■ **Problem requirements**:
Once the line holding "Подготовила для вас" is found, output it and all remaining lines of the data exactly, with every picture left out.

■ **The input**:
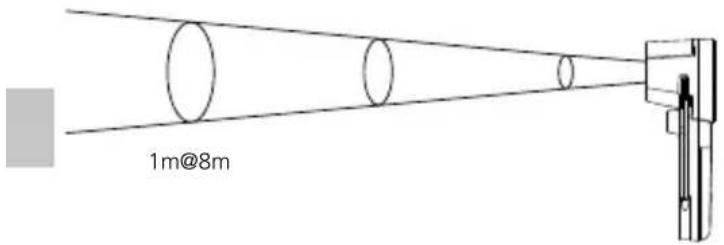 Laserliner ThermoInspector - Marquage cible du laser double - 1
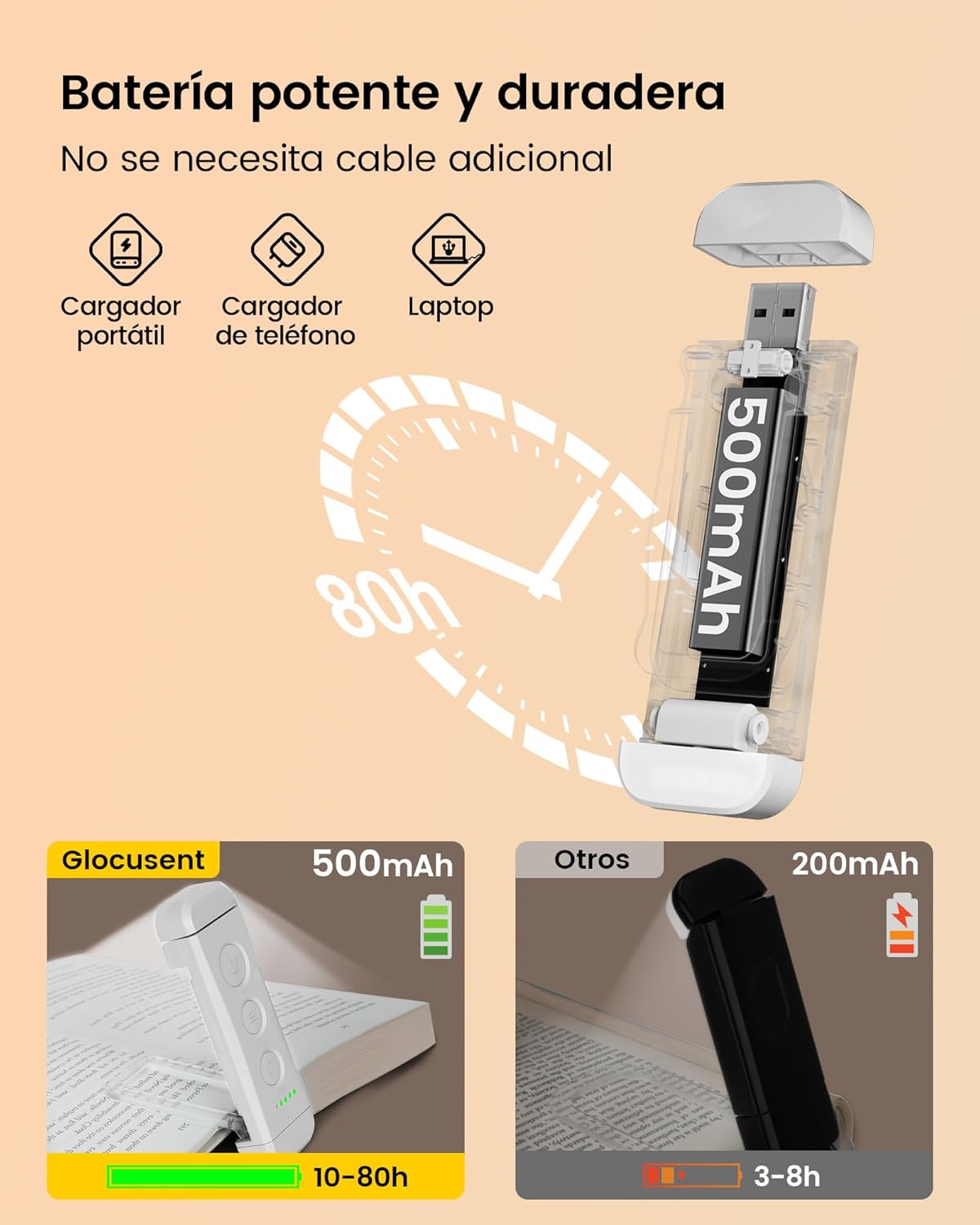 Detalle de Glocusent Luz de Lectura LED Recargable USB con Pinzas📖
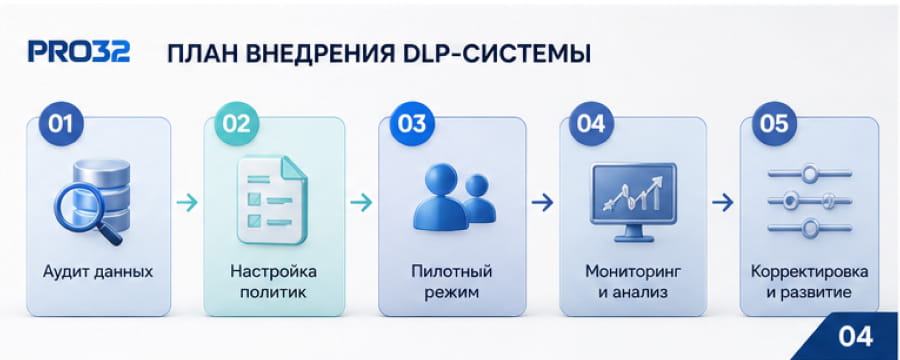 Пошаговый план внедрения DLP-системы: аудит данных, настройка политик, пилотный режим, мониторинг и корректировка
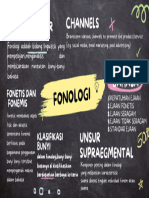 Konsep Fonologi Bahasa Indonesia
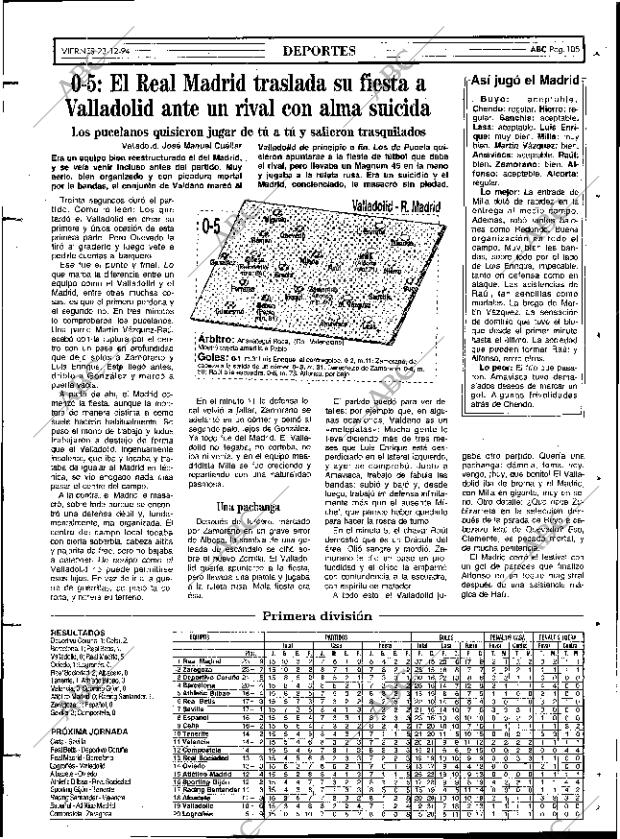 ABC MADRID 23-12-1994 página 105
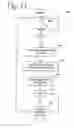 Fig. 12 - Method and System for Providing Visual Notification in a Unified Messaging System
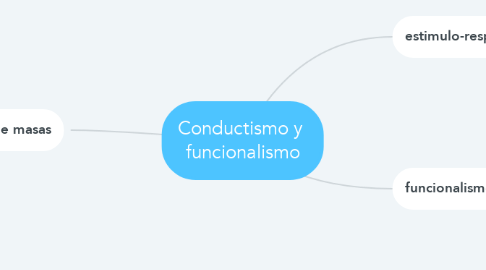 Mind Map: Conductismo y  funcionalismo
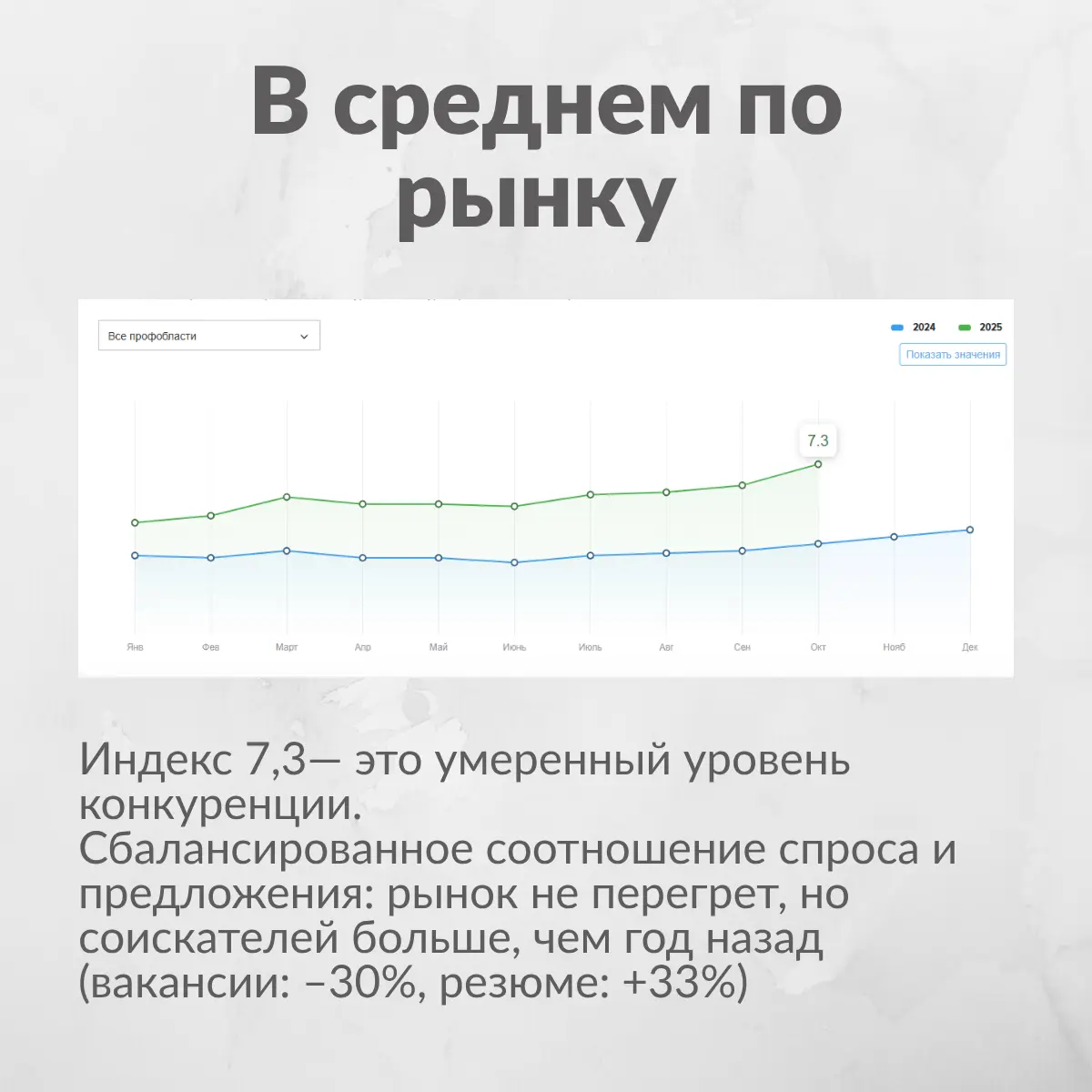 Подготовила для вас сводку по рынку труда в IT и отдельно по аналитикам данных. Все данные с hh | Сетка — социальная сеть от hh.ru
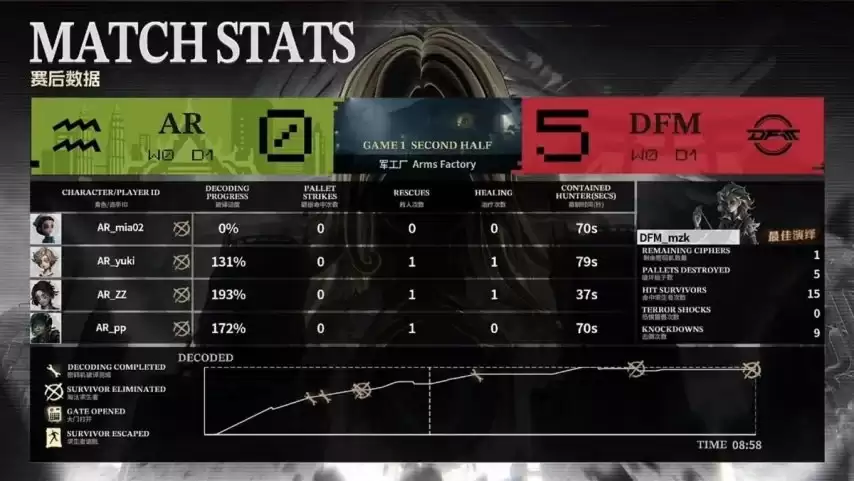 �����˸�COA9��AR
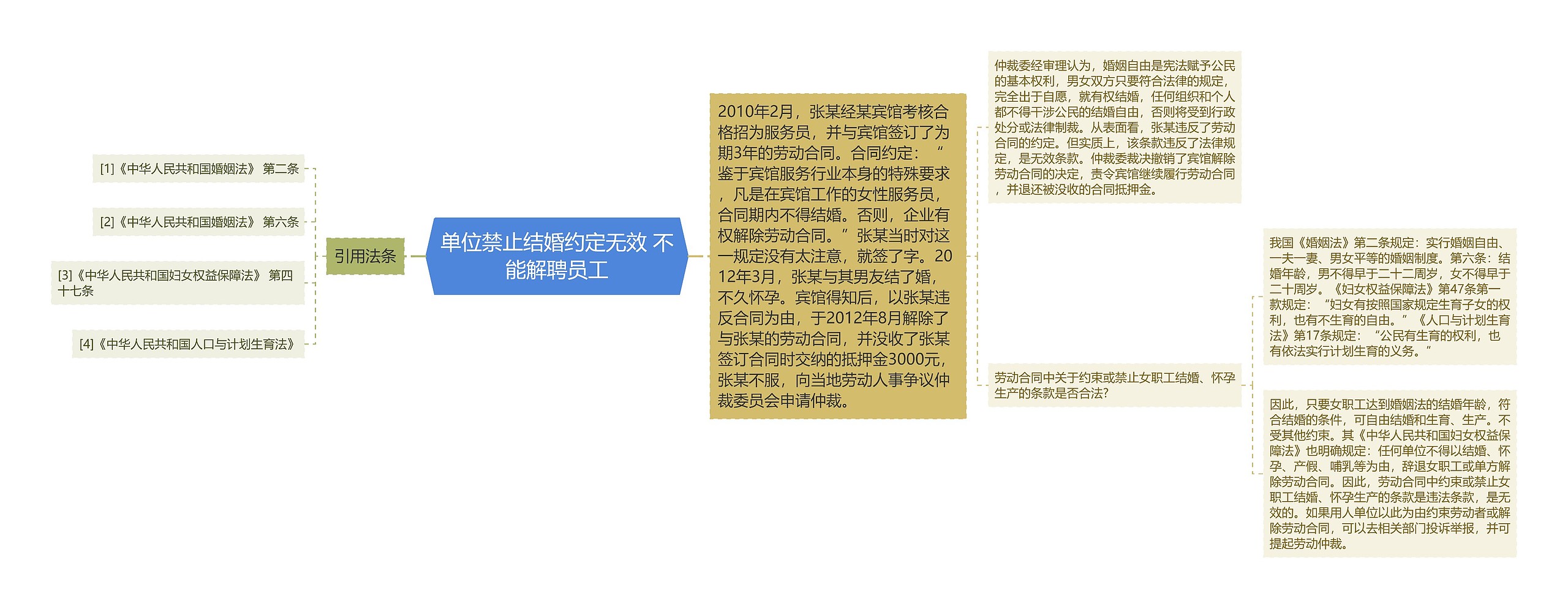 单位禁止结婚约定无效 不能解聘员工 单位禁止结婚约定无效 不能解聘员工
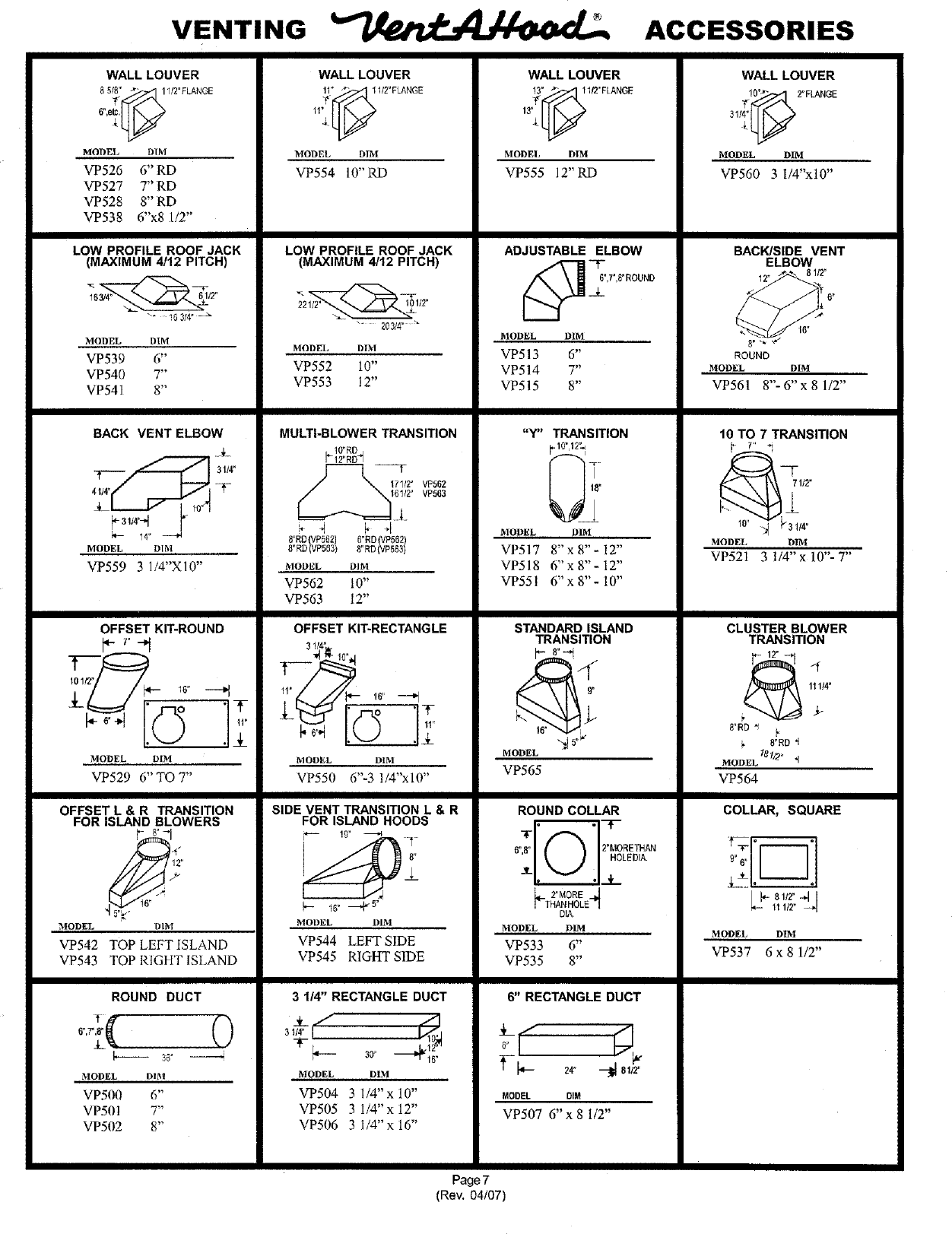 Page 7 of 7 - VENTAHOOD Range Hood Manual L0709186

■ **Exercise answer**:
 Подготовила для вас сводку по рынку труда в IT и отдельно по аналитикам данных. Все данные с hh | Сетка — социальная сеть от hh.ru
 �����˸�COA9��AR
 单位禁止结婚约定无效 不能解聘员工 单位禁止结婚约定无效 不能解聘员工
 Page 7 of 7 - VENTAHOOD Range Hood Manual L0709186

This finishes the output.